Patient Id GS enquired regarding “on line” appointments, in particular why so few are available. DF said at the moment only 2 appointments per day are bookable “on line” as this system is still in its infancy and is less than perfect ( e.g. patients are only allowed one appointment on line) , however RH said the plan is to open more up in a bid to get less people ringing up at 8.30 am! DF said if the on line appointments are not filled, they are automatically converted to routine appointments that could be booked over the phone so that none go to waste. RT invited the audience to ensure they registered for on line appointments and also used the telephone appointments for results and reviews (this is much quicker and efficient use of the doctor’s appointments.

RT said the patient list size is increasing at quite a rate (200 in the last quarter) which will affect appointments capacity– although we had not reached crisis point yet!

RH said we are attempting to advance the use of electronic communications eg email to offer diversity and choice to allow better access to a health care professional and the surgery services. RT said she is aware that young people prefer quick answers electronically and the practice are currently looking into improving the technology and have even considered twitter and facebook (although have decided not to progress any further with this at the moment.
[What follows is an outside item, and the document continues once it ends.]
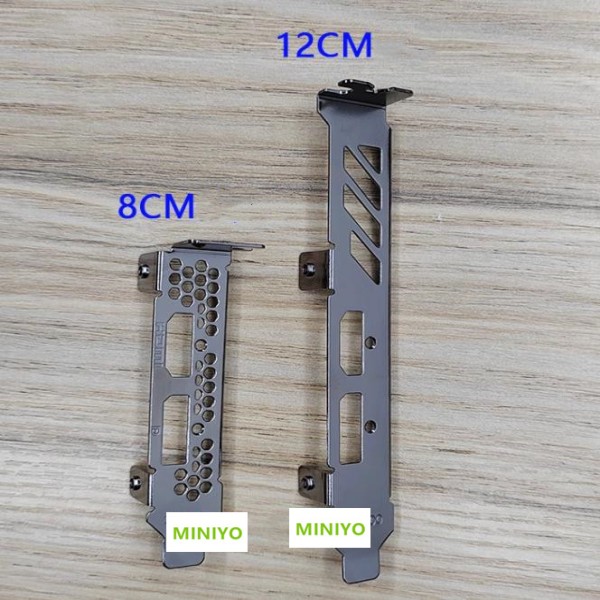 IO 쉴드 풀 백 플레이트 블렌드 브래킷 비디오 카드 그래픽 GPU AMD RX6400 DP + HDMI 12cm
RT thanked everyone for their comments and being frank and open. RT felt there was sufficient information from the meeting to agree and action plan as follows

Action Plan

  • Improve advance booking ( pre bookable appointments) beyond one week ahead
  • Through education, aim to reduce telephone demand for appointments at 8.30 am
  • Increase “on line” booking opportunities and the practice website as mode of communication
  • Advertise “Did Not Attend” statistics on patient scroll board in waiting room and take a strong line with patients who waste appointments

Conclusion

Action plan agreed with the group and RT suggested a further follow up in Spring. RH said he would eventually like to see this group not only grow in number but start to take ownership and set their own agenda to feed back to the practice. RH invited a volunteer to be spokesperson for the group and take a lead role Patient ID AW agreed to accept this role and will meet with RH and RT to discuss further.